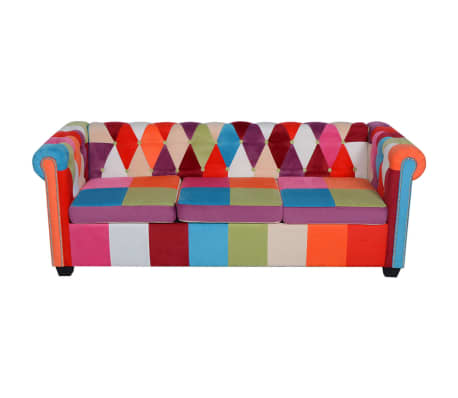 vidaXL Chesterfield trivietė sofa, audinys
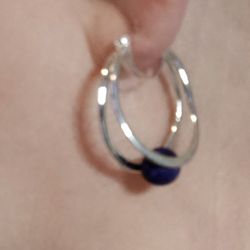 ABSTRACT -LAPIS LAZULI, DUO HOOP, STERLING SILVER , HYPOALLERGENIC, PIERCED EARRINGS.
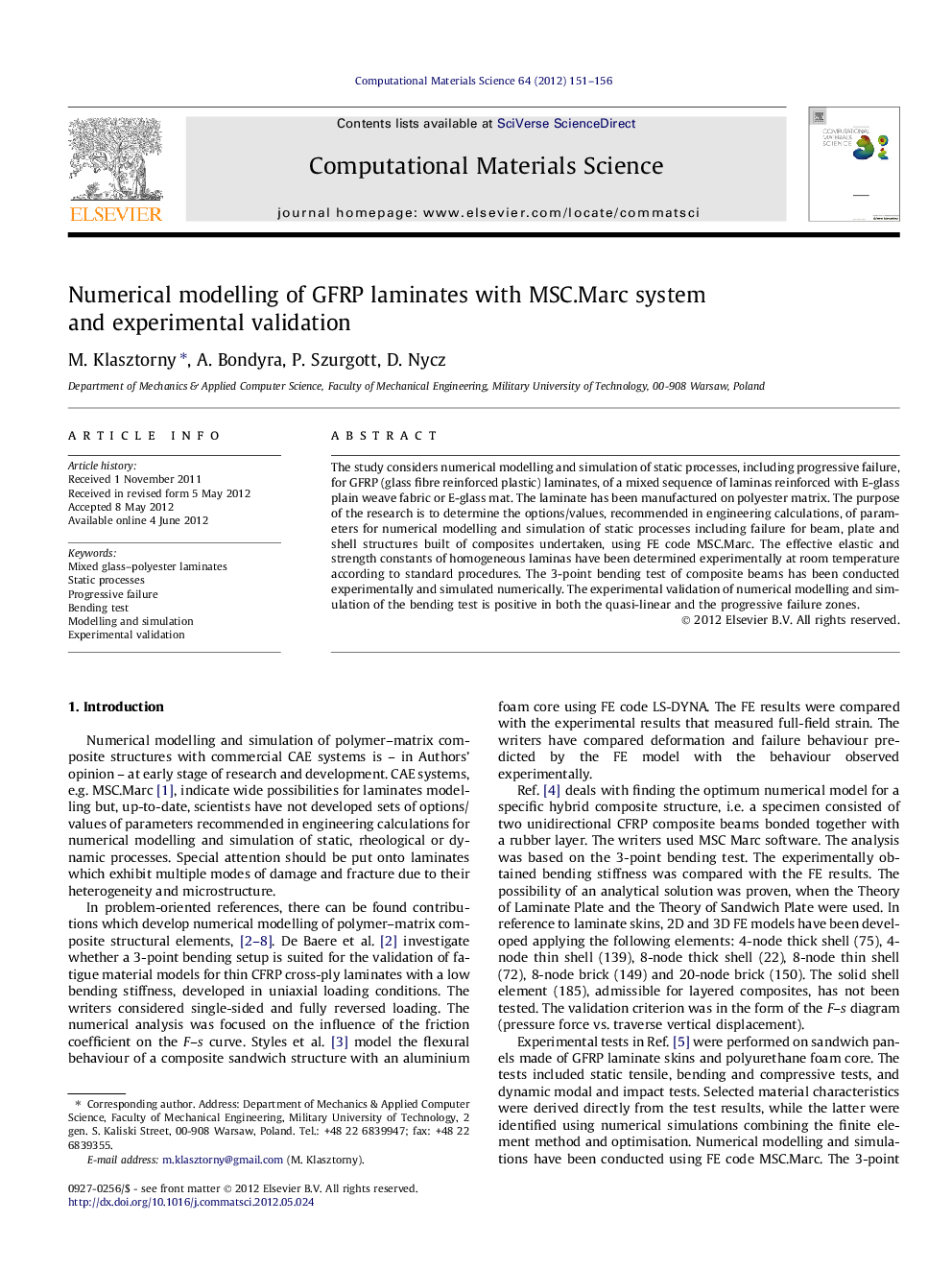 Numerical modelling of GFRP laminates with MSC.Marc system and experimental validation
════════════════
*WHAT IS EXPECTED*: The listing is to be repeated exactly, with its pictures removed.

*ANSWER BOX*:
 vidaXL Chesterfield trivietė sofa, audinys
 ABSTRACT -LAPIS LAZULI, DUO HOOP, STERLING SILVER , HYPOALLERGENIC, PIERCED EARRINGS.
 Numerical modelling of GFRP laminates with MSC.Marc system and experimental validation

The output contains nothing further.